Rather than impatient foot tapping, Perl 6 needs the help and nurture of the Perl community. The Perl 6 development process is transparent and open. Anyone with something useful to contribute will be welcomed. If you self-identify as a Perl person then Perl 6 is in part your responsibility. And if you can’t usefully contribute then, please, quietly reflect on the debt of gratitude you owe to those who do. They’re working to guarantee your future.

Perl 6 is not a liability

Perl 6 is not a liability. There’s no need to be defensive about it. Paul Cory would like to rebrand Perl 6 into the shadows. That’s the kind of Stalinist revisionism favoured by corporations that realise that their “next big thing” has become an embarrassing albatross. It’s a response to Perl 6 that the circumstances do not require.

Here are his reasons:

1) It emphasises the “inadequacies” of Perl 5.

All languages have inadequacies, imperfections, miss-features, cruft. Perl 5 is no different. Fortunately, instead of brushing them under the rug, the Perl 6 team is actively seeking to right those wrongs. A question: would you rather use a language that’s maintained by people who are a) in denial about its inadequacies or b) actively developing a new language based on recognised shortcomings? I hope that’s a rhetorical question.

2) It makes the development community look unorganized, at best. People comparing at the development pace of Python, Ruby and PHP to Perl 6 are likely to come to harsher conclusions about the community’s focus, viability and competence, based on Perl 6’s seven-year, and counting, gestation period.

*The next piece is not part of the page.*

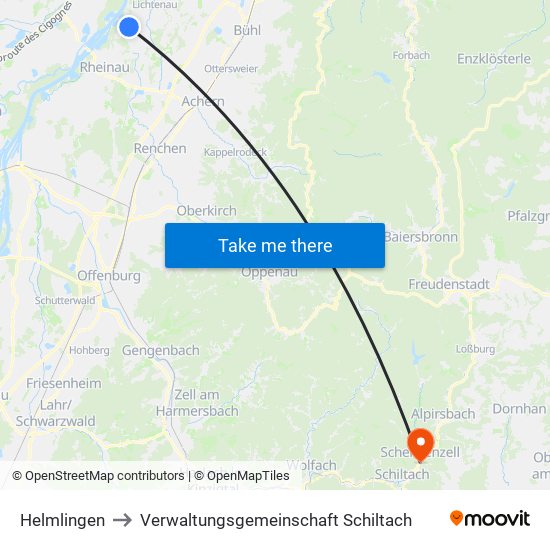 Helmlingen to Verwaltungsgemeinschaft Schiltach map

Those hypothetical people are wrong and I don’t want to be part of a community that panders to their views. The Perl 5 Porters are doing a great job of continuously improving Perl 5 within the constraints that popularity brings. The Perl 6 team are laying the foundations for the next generation of Perl. Perl 5 and Perl 6 have a mutually beneficial relationship: features, tools and ideas are traded freely between the two groups. It’s healthy, responsible and creative.

Python and Ruby have, to their credit, somewhat similar splits between far sighted strategic development and tactical improvements to the current language generation. PHP is a bizarre bazaar that does not provide a model other language communities should emulate.

3) It creates uncertainty: what happens to Perl 5 when Perl 6 finally drops? How much new stuff will I have to learn? How will my existing code work, or not, if I upgrade? Why should I invest time in Perl 5 if Perl 6 is just around the corner, and will be far superior?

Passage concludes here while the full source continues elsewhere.